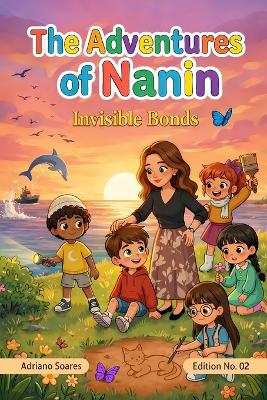 The Adventures of Nanin: Invisible Bonds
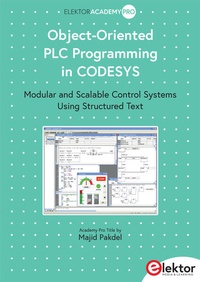 Enlarge image Cover: Object-Oriented PLC Programming in CODESYS - Elektor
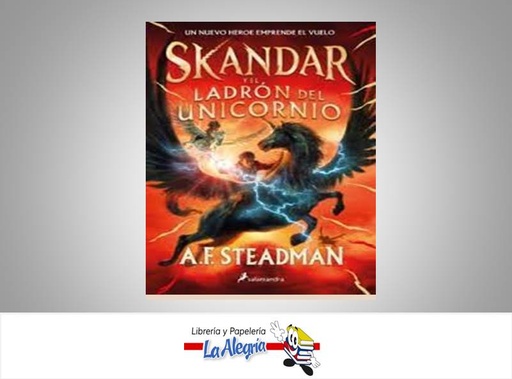 [9788418797101] SKANDAR Y EL LADRON DEL UNICORNIO  TEMATICA NOVELA JUVENIL AUTOR A.F. STEADMAN  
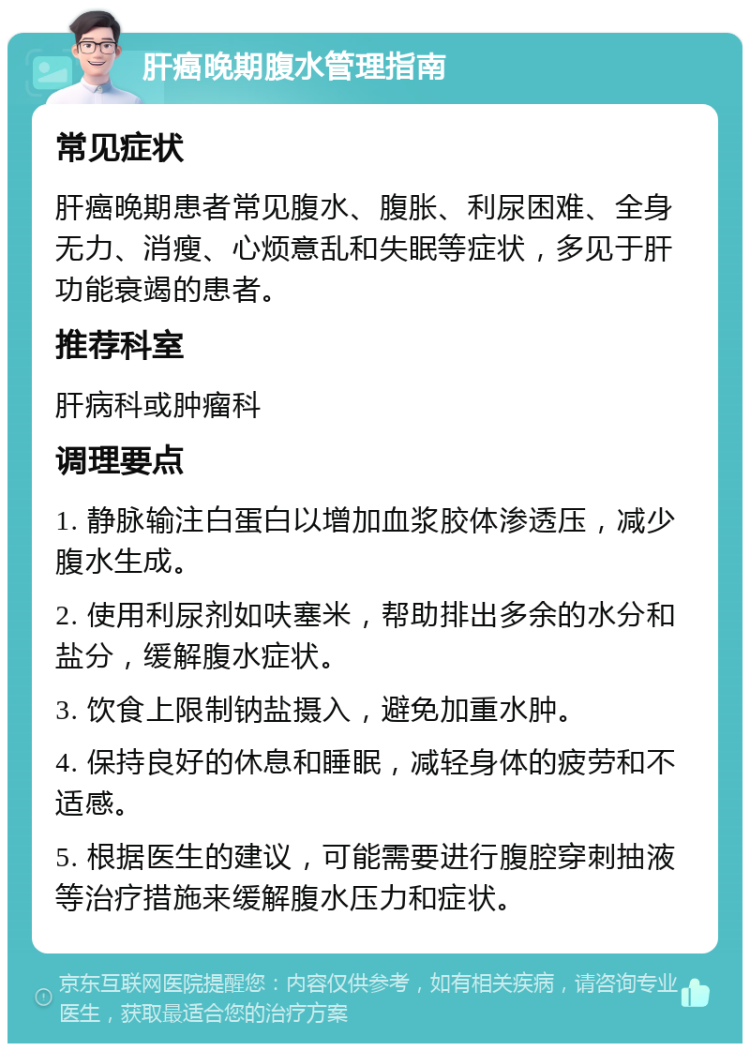 肝癌晚期腹水管理指南 常见症状 肝癌晚期患者常见腹水、腹胀、利尿困难、全身无力、消瘦、心烦意乱和失眠等症状，多见于肝功能衰竭的患者。 推荐科室 肝病科或肿瘤科 调理要点 1. 静脉输注白蛋白以增加血浆胶体渗透压，减少腹水生成。 2. 使用利尿剂如呋塞米，帮助排出多余的水分和盐分，缓解腹水症状。 3. 饮食上限制钠盐摄入，避免加重水肿。 4. 保持良好的休息和睡眠，减轻身体的疲劳和不适感。 5. 根据医生的建议，可能需要进行腹腔穿刺抽液等治疗措施来缓解腹水压力和症状。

* * * * * * * * *

Once the images are dropped, set down the remaining material word for word.

→ **OUTPUT FOR THIS TASK**
 The Adventures of Nanin: Invisible Bonds
 Enlarge image Cover: Object-Oriented PLC Programming in CODESYS - Elektor
 [9788418797101] SKANDAR Y EL LADRON DEL UNICORNIO  TEMATICA NOVELA JUVENIL AUTOR A.F. STEADMAN  
 肝癌晚期腹水管理指南 常见症状 肝癌晚期患者常见腹水、腹胀、利尿困难、全身无力、消瘦、心烦意乱和失眠等症状，多见于肝功能衰竭的患者。 推荐科室 肝病科或肿瘤科 调理要点 1. 静脉输注白蛋白以增加血浆胶体渗透压，减少腹水生成。 2. 使用利尿剂如呋塞米，帮助排出多余的水分和盐分，缓解腹水症状。 3. 饮食上限制钠盐摄入，避免加重水肿。 4. 保持良好的休息和睡眠，减轻身体的疲劳和不适感。 5. 根据医生的建议，可能需要进行腹腔穿刺抽液等治疗措施来缓解腹水压力和症状。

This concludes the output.